An Interview with Megan Turner

What do you find appealing about the short story form? 

The short story is appealing because it forces you to get everything right. As one of my professors once said, there isn’t any room for error. Everything—each sentence, character, and plot twist—needs to be essential to the piece. This may sound unappealing, but I think from a writer’s standpoint, the short story offers up a challenge of sorts. If a writer can master this form, she has the ability to master almost anything.  

What influenced this piece? 

I consider “The Gray Hours” to be part of a series of short stories, all focused on language. I wrote this piece with the intention of evoking a certain mood related to solitude and depression. I was especially interested in the narrator’s ability to find something meaningful and appealing in her environment, despite its flaws. 

Which writer/body of work has informed your writing and/or inspired you? 

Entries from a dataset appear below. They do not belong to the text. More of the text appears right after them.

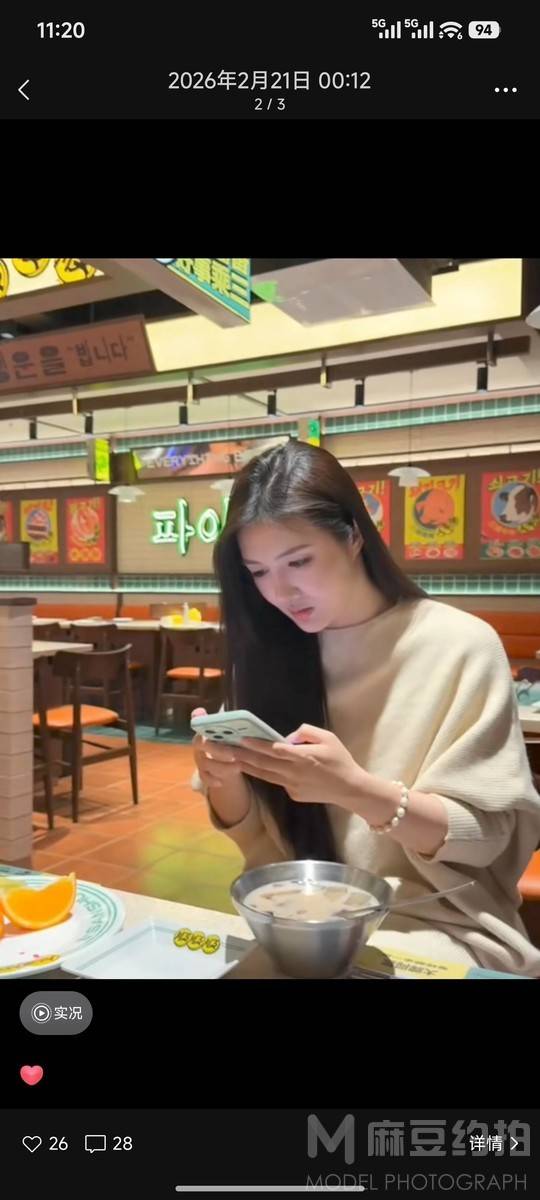 情绪模特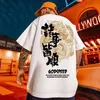 Camiseta de manga curta de algodão masculino verão oversize solto e respirável gráfico ginásio selvagem streetwear y2k harajuku goth roupas 240119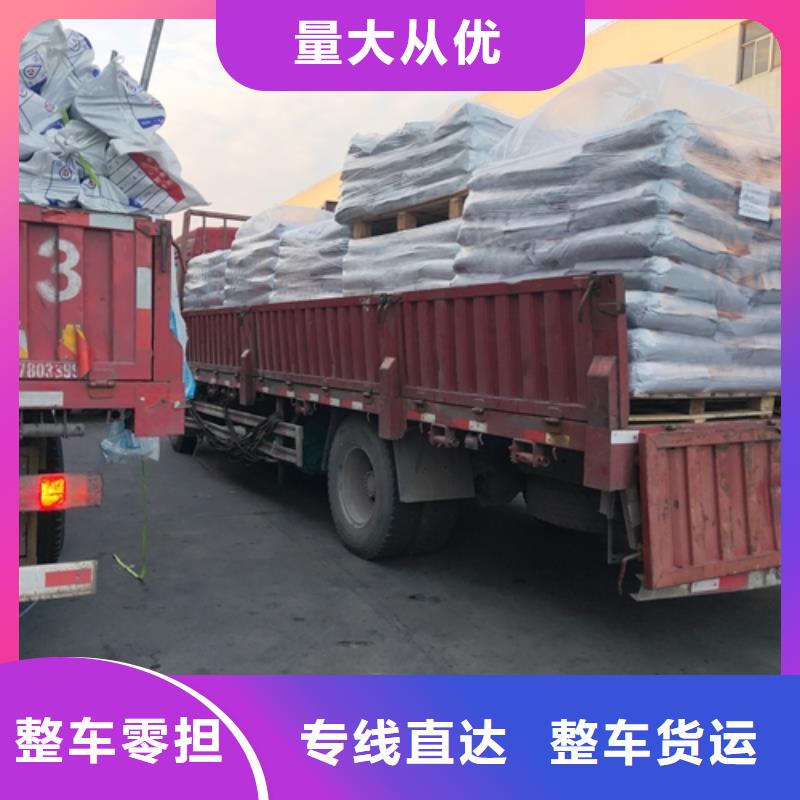 上海到毕节专线物流多重优惠
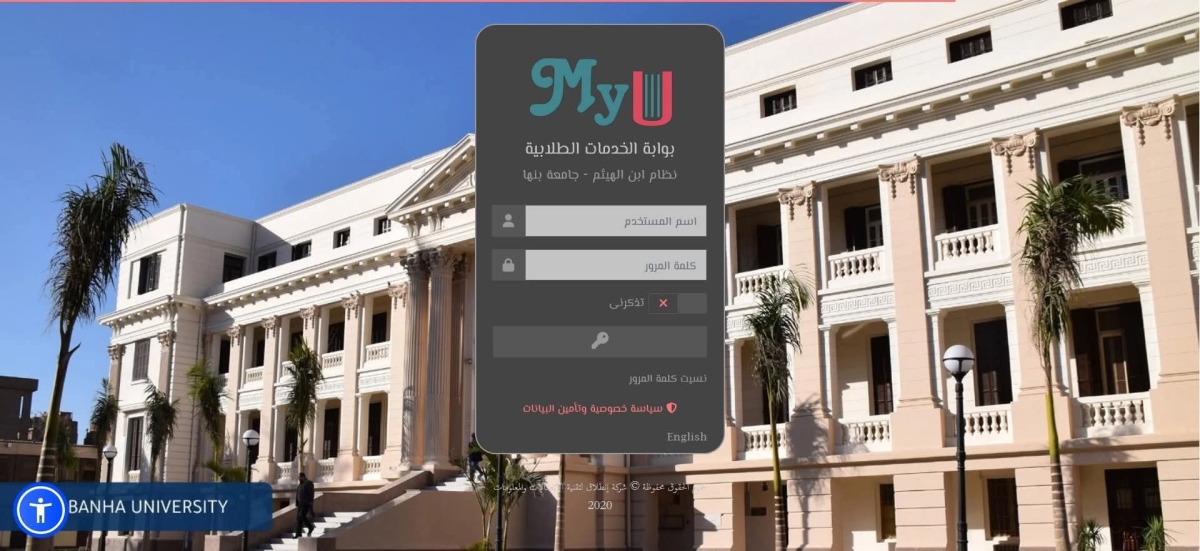 دعوة لطلاب الجامعة لاستيفاء استبيان تقييم المقررات
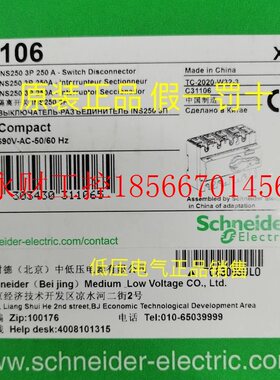 议价施耐德负荷隔离开关INS250 3P 黑色手柄 250A200A 31106￥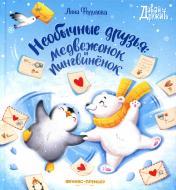 обложка Необычные друзья: медвежонок и пингвиненок от интернет-магазина Книгамир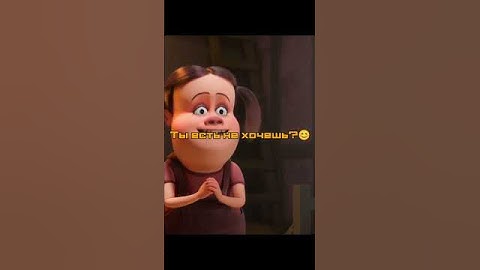 Паксли нашёл себе девушку🐖 #shorts #fypシ #like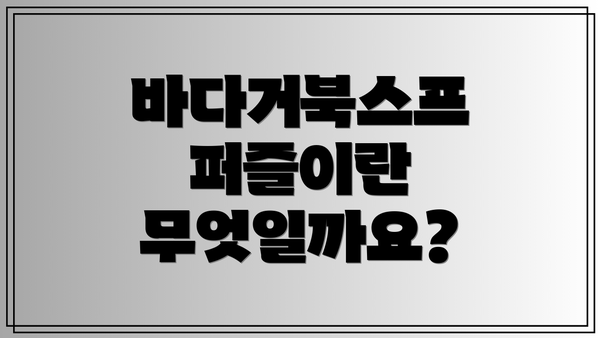 바다거북스프 퍼즐이란 무엇일까요?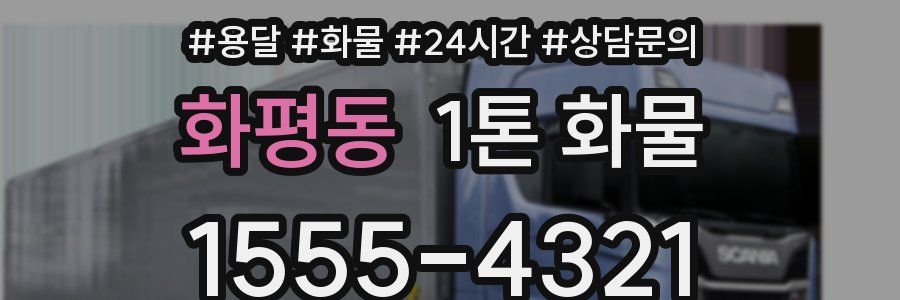 화평동 1톤 화물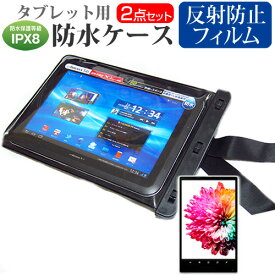 富士通 ARROWS Tab Wi-Fi QH55/J FARQ55J2[10.1インチ]機種対応防水 タブレットケース と 反射防止 液晶保護フィルム 防水保護等級IPX8に準拠ケース カバー ウォータープルーフ 送料無料 メール便/DM便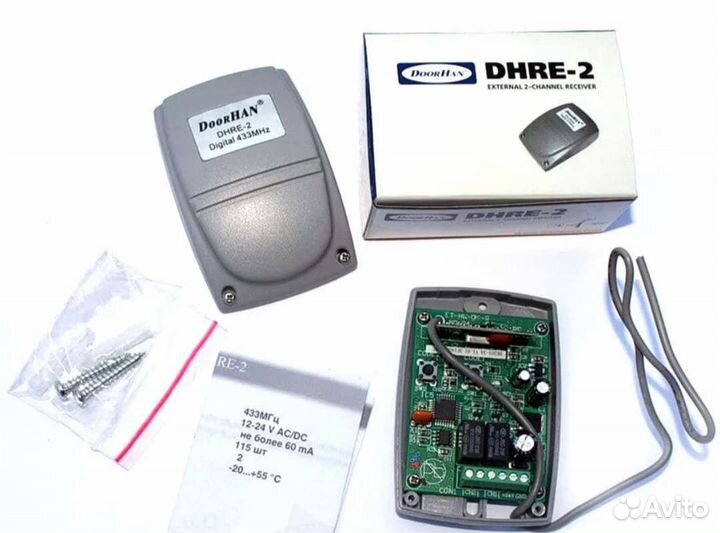 Радиоканал dhre2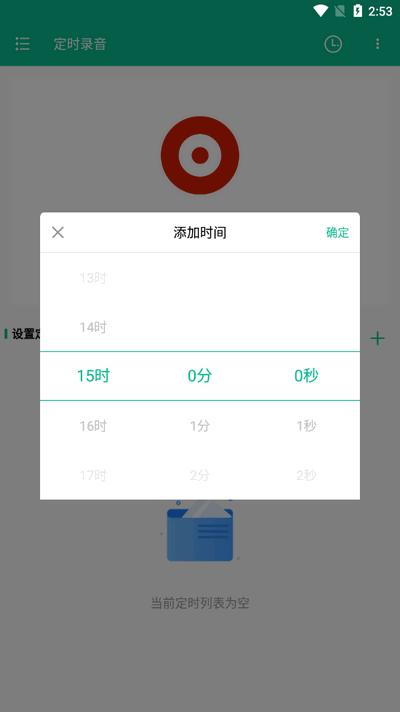 定时录音软件免费版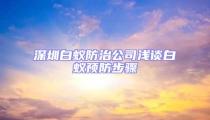深圳白蟻防治公司淺談白蟻預防步驟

I tend to like work that is focused on language but also tests the limits of form. Some of my favorite contemporary writers are Marilynne Robinson, Toni Morrison, Salman Rushdie, and Colum McCann. My most recent, favorite reads are: A Tale for the Time Being by Ruth Ozeki, The Ocean at the End of Lane by Neil Gaiman, The Brief Wondrous Life of Oscar Wao by Junot Díaz, and All the Light We Cannot See by Anthony Doerr (which I am currently reading).